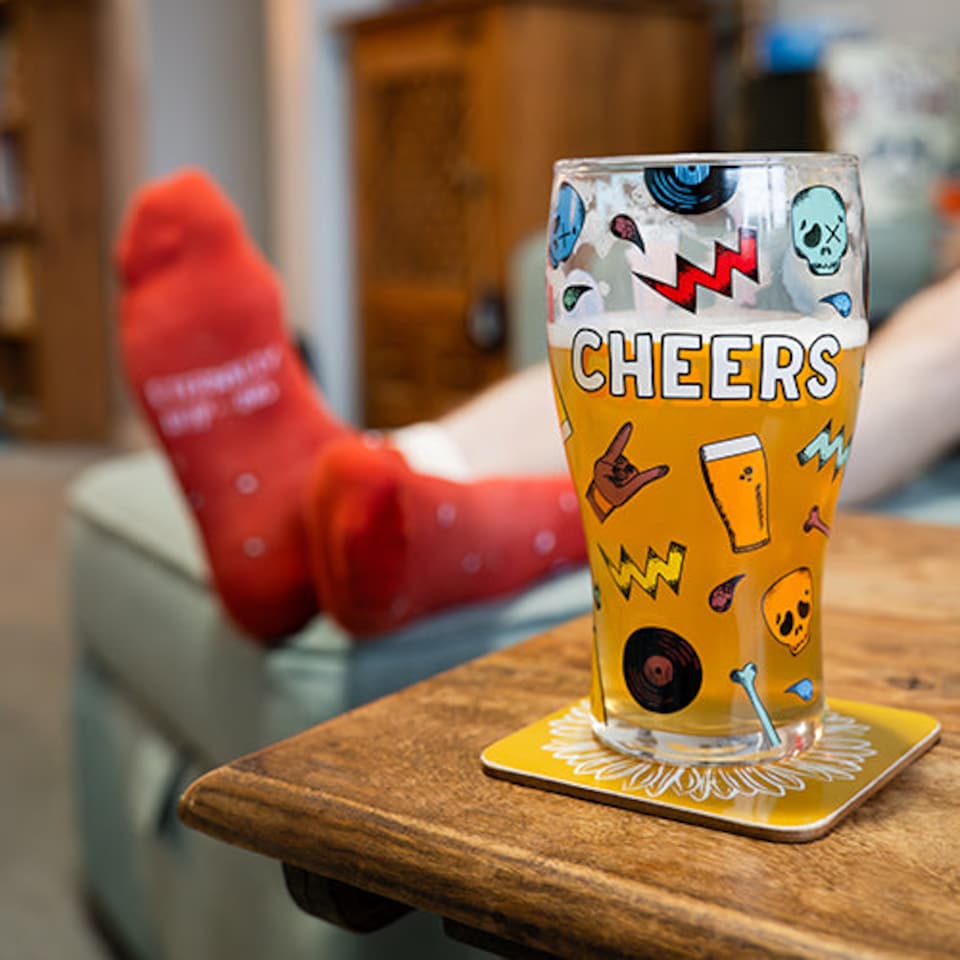 image 1 of Craft Beer Socks & Glass Set
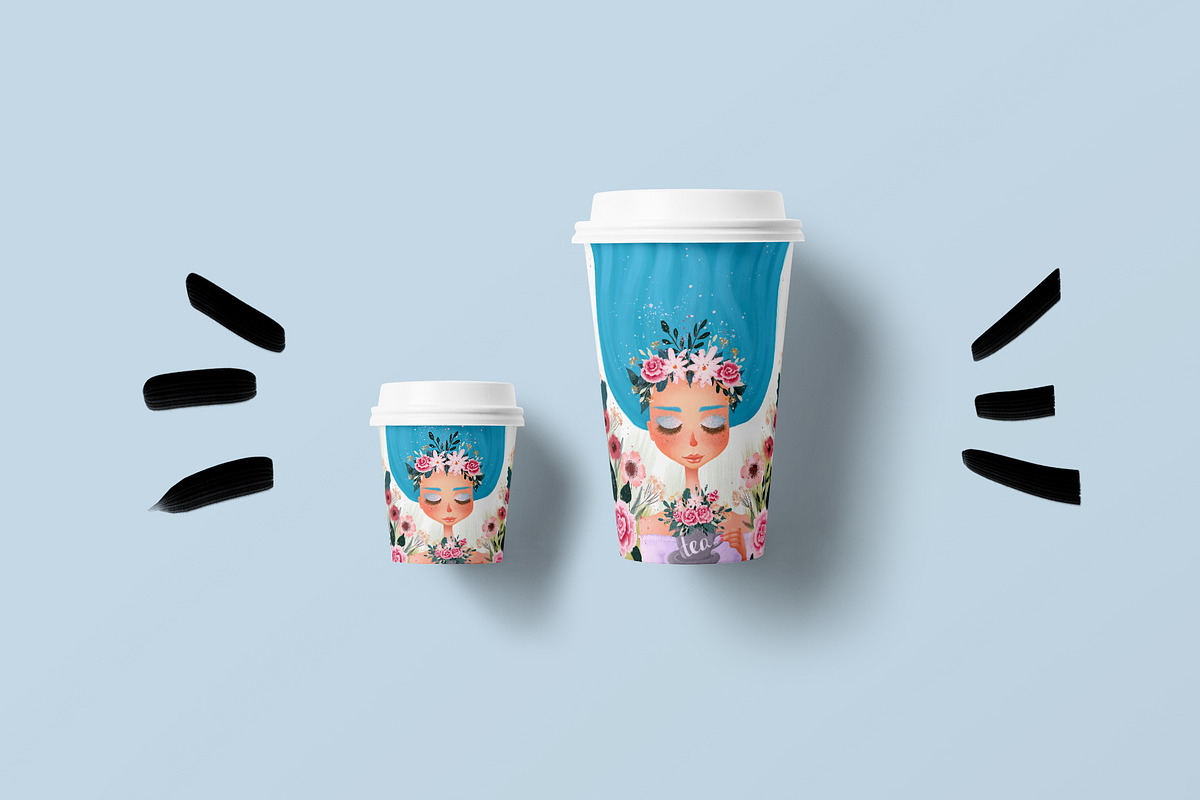 Floral Tea Girl Illustration, a Decorative Illustration by Chloe's Illustrations (Photo 4 of 10)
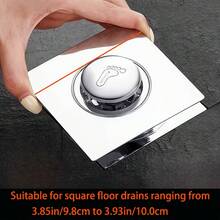 2 piezas Desagüe de piso de baño - Desagüe portátil de operación con el pie de estilo minimalista moderno, núcleo de desagüe a prueba de olores para baño, tapa sellada anti-olor repelente de insectos, desagüe a prueba de olores - Adecuado para baño, pasillo, baño, bañera y cocina - Multicolor - Ver 3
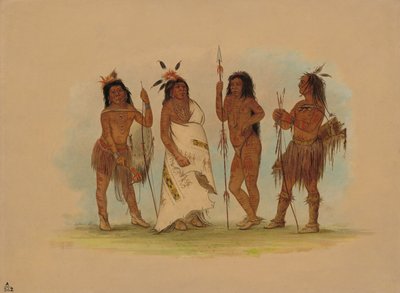 Apachehövding och tre krigare, 18551869. av George Catlin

+===+

» WORK TASK:
Would you print all of the material exactly as written, minus the pictures?

» TASK SOLUTION:
 image 1 of Craft Beer Socks & Glass Set
 Floral Tea Girl Illustration, a Decorative Illustration by Chloe's Illustrations (Photo 4 of 10)
 2 piezas Desagüe de piso de baño - Desagüe portátil de operación con el pie de estilo minimalista moderno, núcleo de desagüe a prueba de olores para baño, tapa sellada anti-olor repelente de insectos, desagüe a prueba de olores - Adecuado para baño, pasillo, baño, bañera y cocina - Multicolor - Ver 3
 Apachehövding och tre krigare, 18551869. av George Catlin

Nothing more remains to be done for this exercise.